- Exercise instructions
The records below are to be reproduced exactly, and no picture should appear in the copy.

- Data shown
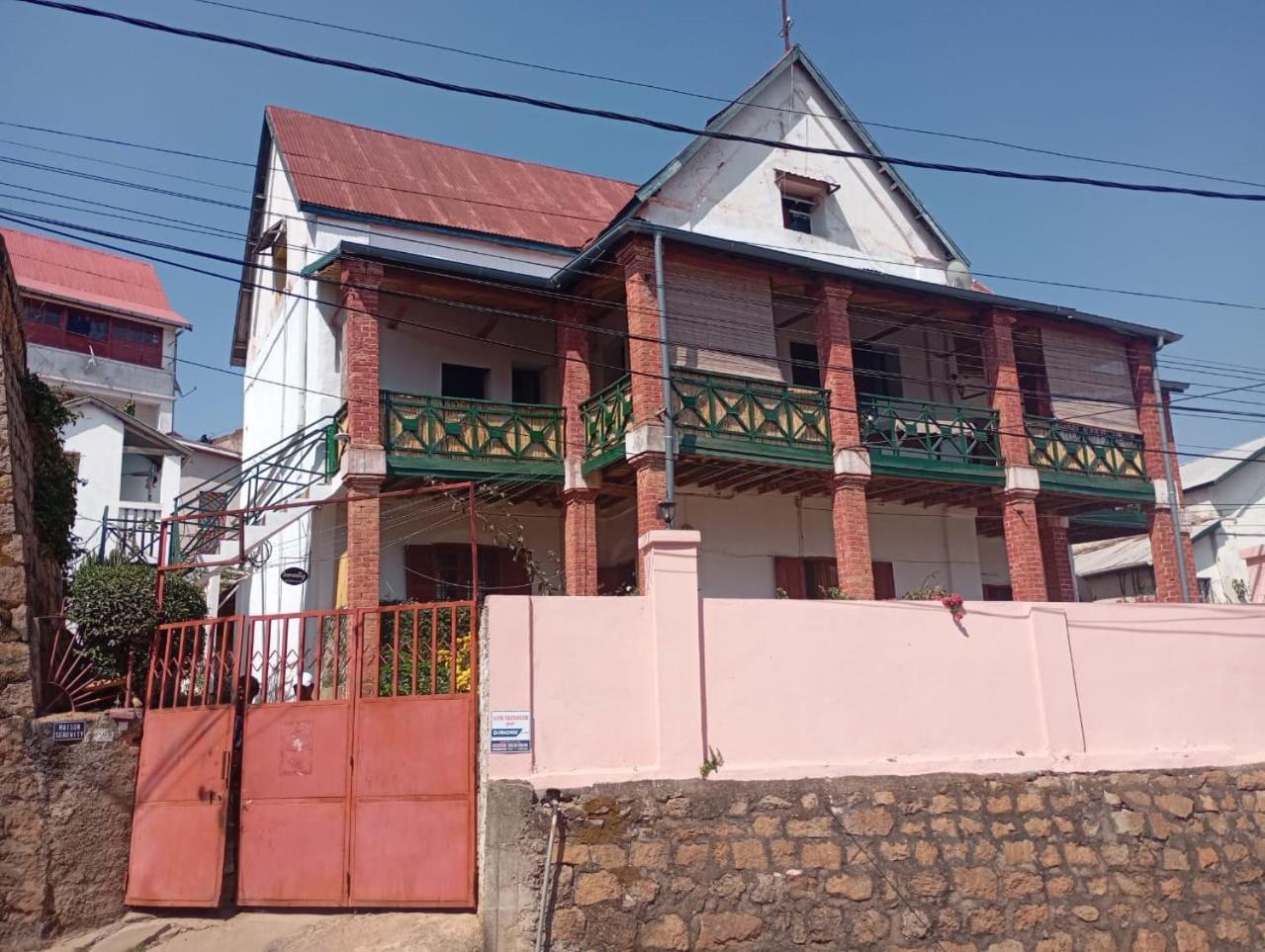 M'Serenity Guest House Antananarivo Exterior foto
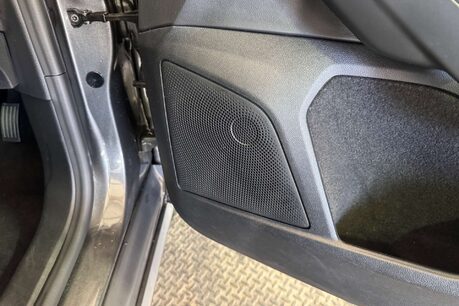 Ford Focus 1.5 EcoBlue Zetec Estate 5dr Diesel Auto Euro 6 (s/s) (120 ps) 15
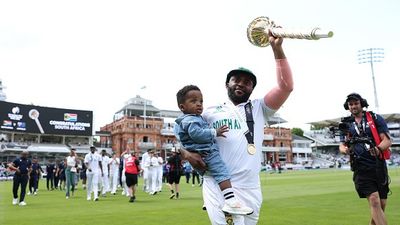 WTC जीत के बाद साउथ अफ्रीकी कप्तान टेम्बा बवुमा ने आलोचकों को रगड़ा, कहा- सिर्फ कमजोर टीम को हराकर ही... Temba Bavuma of South Africa celebrates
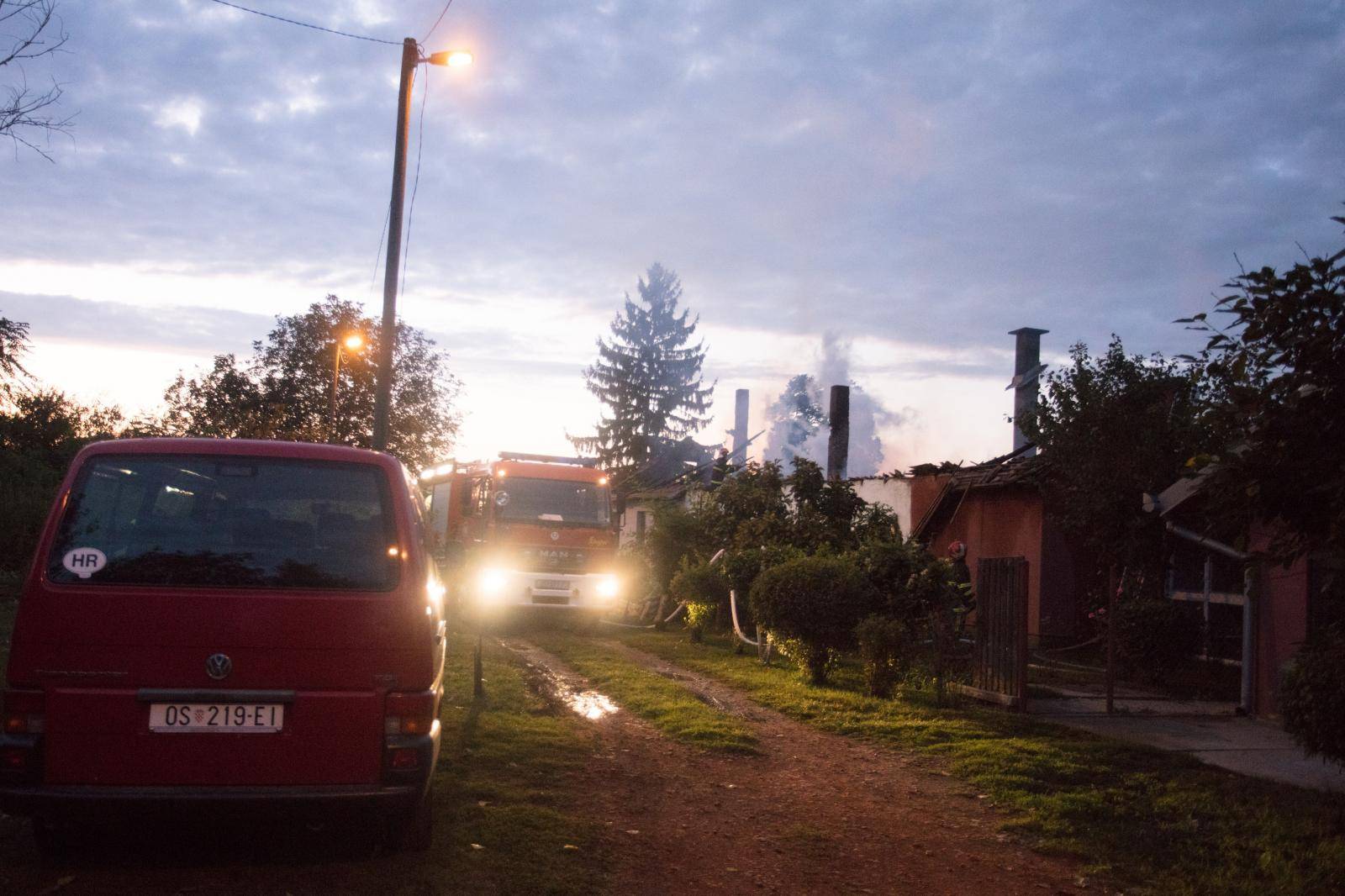 Kuća im izgorjela, a on obolio: 'Više nema ni moga Zvonimira'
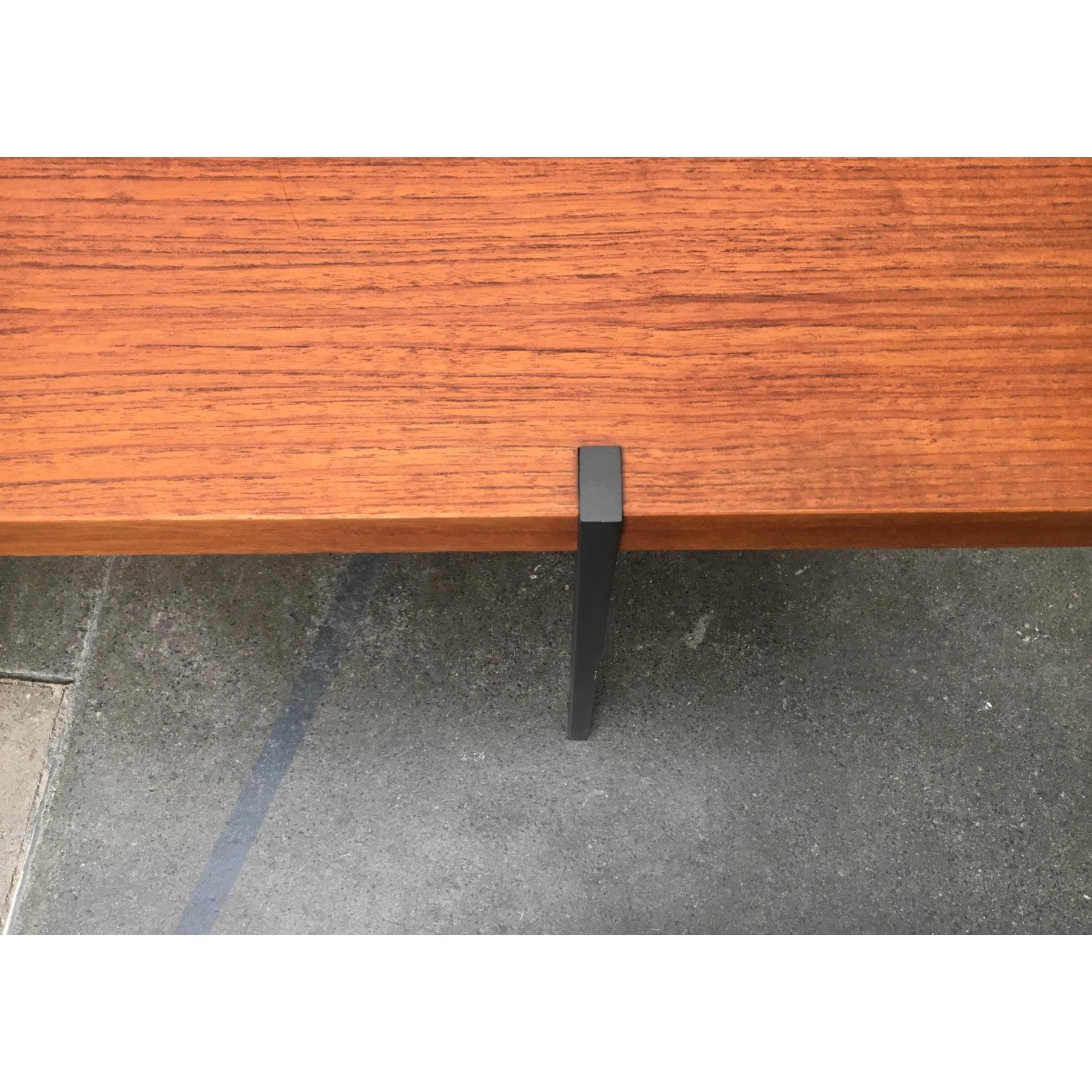 Métal Table basse en teck du milieu du siècle, années 1960 en vente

- Answer box
 M'Serenity Guest House Antananarivo Exterior foto
 Ford Focus 1.5 EcoBlue Zetec Estate 5dr Diesel Auto Euro 6 (s/s) (120 ps) 15
 WTC जीत के बाद साउथ अफ्रीकी कप्तान टेम्बा बवुमा ने आलोचकों को रगड़ा, कहा- सिर्फ कमजोर टीम को हराकर ही... Temba Bavuma of South Africa celebrates
 Kuća im izgorjela, a on obolio: 'Više nema ni moga Zvonimira'
 Métal Table basse en teck du milieu du siècle, années 1960 en vente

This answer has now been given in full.